Normally distributed priors are easy to be simulated and visualized without doing any modelling (which takes some extra time). For example, with ggplot:

dist = rnorm(1000, 15, 8)
ggplot(NULL, aes(dist)) + geom_density()

Is there an easy and similar option for checking cauchy, laplace, student t and other prior distributions?

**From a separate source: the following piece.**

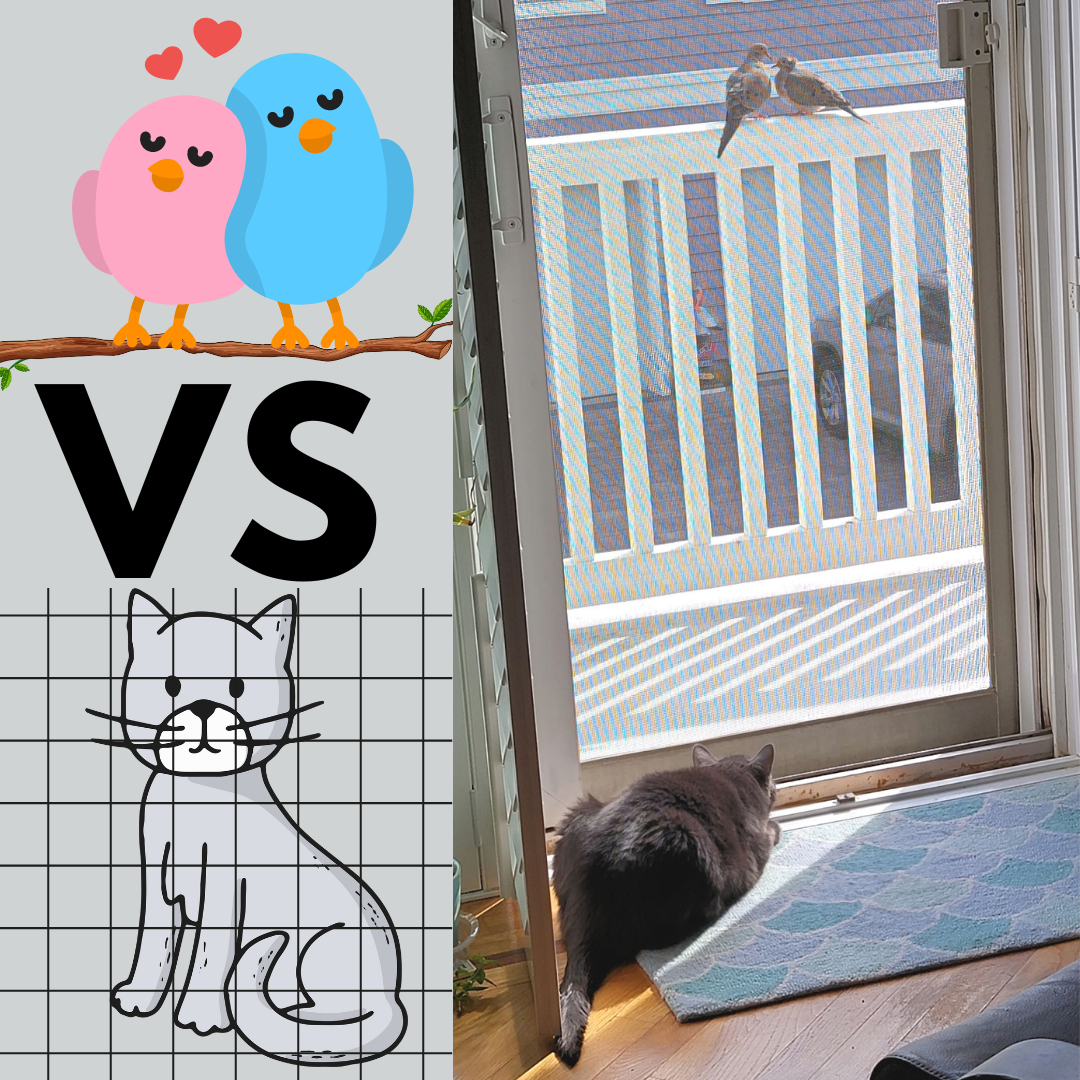 cat vs bird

joels · August 1, 2021, 5:22pm

You can plot simulations from any available probability distribution, or alternatively, you can directly plot the density function for a given distribution. For example:

library(tidyverse)
library(VGAM)  # For laplace distribution
library(patchwork) # For plot layouts
theme_set(theme_bw())

# Sample from distribution
p1=ggplot(tibble(x=rt(1000, df=4)), aes(x)) +
  geom_density()

p2=ggplot(tibble(x=rlaplace(1000, location=0, scale=4)), aes(x)) +
  geom_density()

p3=ggplot(tibble(x=rlnorm(1000, meanlog=0, sdlog=0.5)), aes(x)) +
  geom_density()

# Plot multiple sets of random draws from a distribution
p4=ggplot() +
  replicate(10, geom_density(data=tibble(x=rlaplace(100, location=0, scale=4)), aes(x)))

list(p1,p2,p3,p4) %>% wrap_plots(nrow=2)

# Plot density function
p5 = ggplot() +
  stat_function(fun=dcauchy, args=list(location=1, scale=2), 
                xlim=c(-10,10))

p6=ggplot() +
  stat_function(fun=dnorm, args=list(mean=2, sd=3), 
                xlim=c(-10,15))

p7=ggplot() +
  stat_function(fun=dt, args=list(df=4), 
                xlim=c(-20,20), n=1000)

p8=ggplot() +
  stat_function(fun=dlaplace, args=list(location=0, scale=4), 
                xlim=c(-20,20), n=1000)

list(p5,p6,p7,p8) %>% wrap_plots(nrow=2)

^{Created on 2021-08-01 by the reprex package (v2.0.0)}

di4oi4 · August 14, 2021, 8:12am

This is very useful! Does the same approach allow plotting different lkj_corr_cholesky priors?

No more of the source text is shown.